[Data for this task — start]

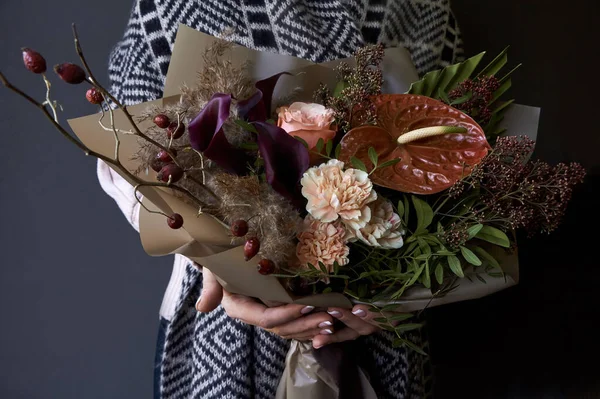 Weibliche Hände mit einem Blumenstrauß im Vintage-Stil auf dunklem Hintergrund, selektiver Fokus — Stockfoto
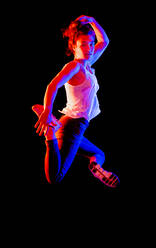 Junge Frau springt in der Luft vor schwarzem Hintergrund - STSF02651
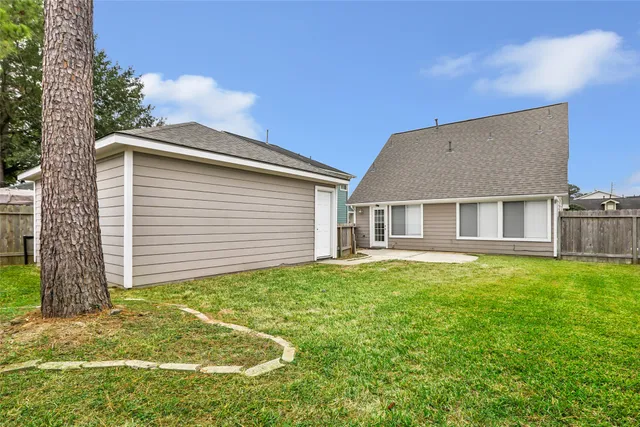 a backyard of a house with table and chairs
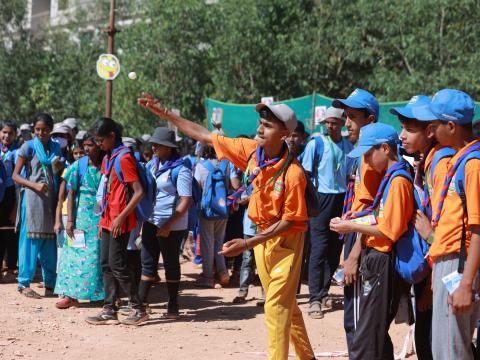 Scouts throwing a ball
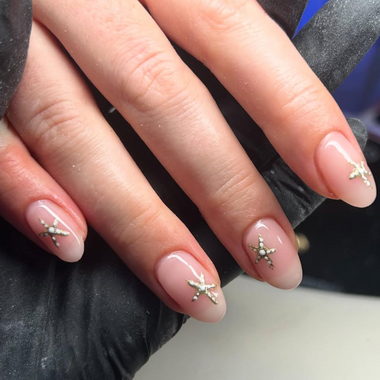 Close-up of a hand with starfish nail art on a neutral background - halo gel polish elise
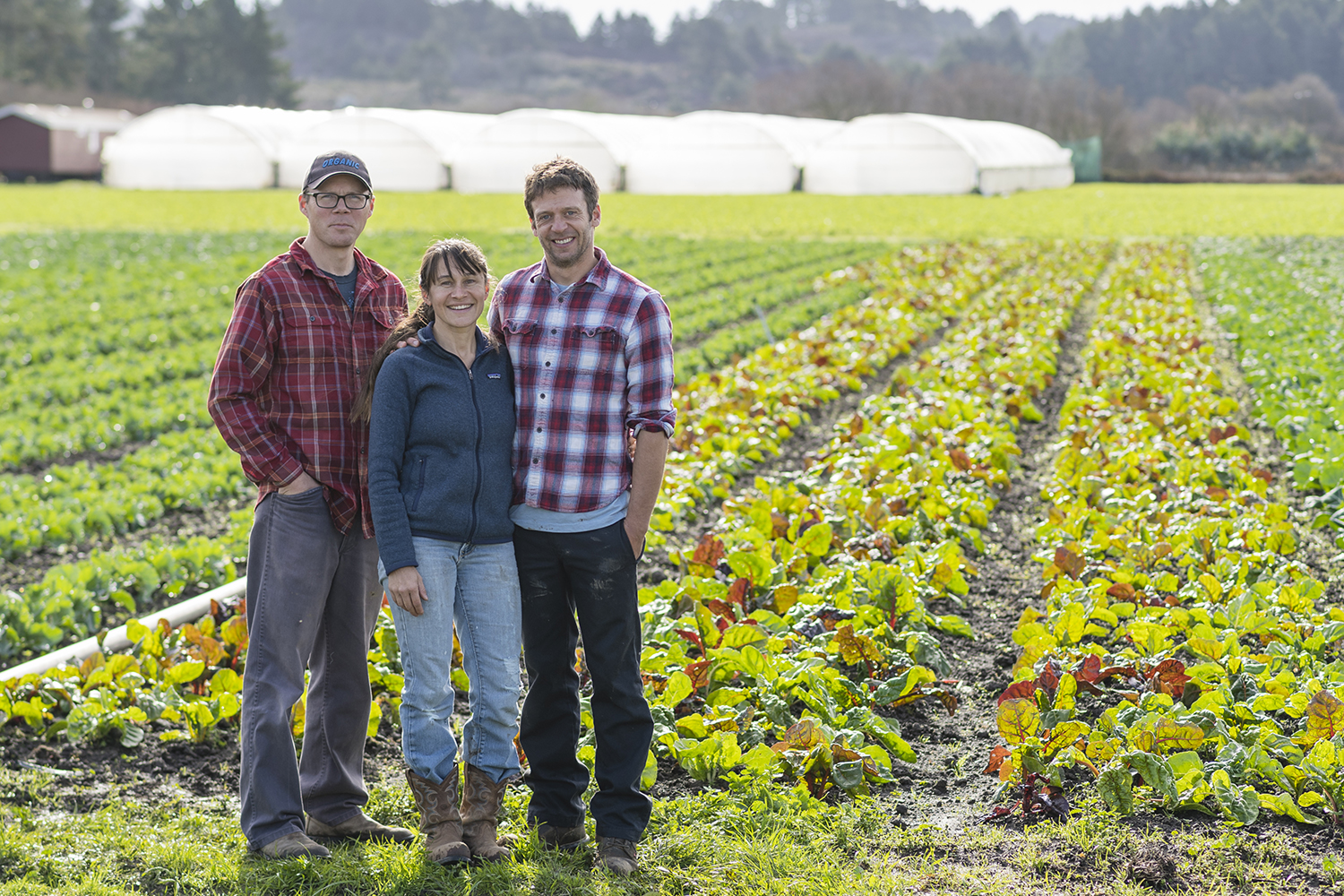 Teresa Kurtak, John Vars, and Mike Irving of Fifth Crow Farm standing in their organic apple orchard in Pescadero California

[Data for this task — finish]

* Problem description
Take the line with "Junge Frau springt" as the first line and the last line of the records above as the final one; reproduce exactly the lines between them, both included, without pictures.

* Finished task
 Junge Frau springt in der Luft vor schwarzem Hintergrund - STSF02651
 a backyard of a house with table and chairs
 Scouts throwing a ball
 Close-up of a hand with starfish nail art on a neutral background - halo gel polish elise
 Teresa Kurtak, John Vars, and Mike Irving of Fifth Crow Farm standing in their organic apple orchard in Pescadero California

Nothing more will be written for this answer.